Friday, 17 April 2009

Google and Repositories

Continuing yesterday's comments on the effect of Google PageRanking in resource discovery, there is an added Google effect that compounds the problem of discovering resources in repositories. Google doesn't treat each resource separately, but instead it aggregates all the resources from a single site, showing only the top two resources from that site no matter how many should appear.

For example, if I search for the terms "ontology" and "hypertext" directly in our school repository, 8 articles are returned. If I do the same search in Google, then our repository appears gratifyingly at the top of the list of results, but only TWO of those items are listed together with a discrete link to more items from this site.
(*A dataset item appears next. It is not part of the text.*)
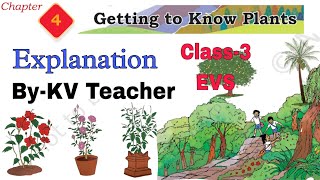 PART1 Getting to know Plants Class3 EVS TWAU New NCERT Chapter4 हिंदी Explanation KV Teacher [upl. by Sharla]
So, not only is your article in competition with all other web pages on the planet, it is doubly in competition with other articles in your repository which could deprive it of its rightful place in the rankings.

This means that we need to think about redesign our repository pages to link to "other related work" that the visitor may not have seen represented in Google.


  1. One way to handle this would seem to be to create virtual hosts (using, of course, subdomains of the origin repository) to break out communities, journals, and the like. That way there is more of a chance for more "hits" to appear in the search results (because to Google they appear to come from different domains). Of course, I only have a passing familiarity with search engine optimization, so this might not actually work...

  2. "Other related work" is already a feature in eprints: it's those items searched for when a user clicks on the subject heading in the repository record. If the user has even looked at the repository's metadata record, of course!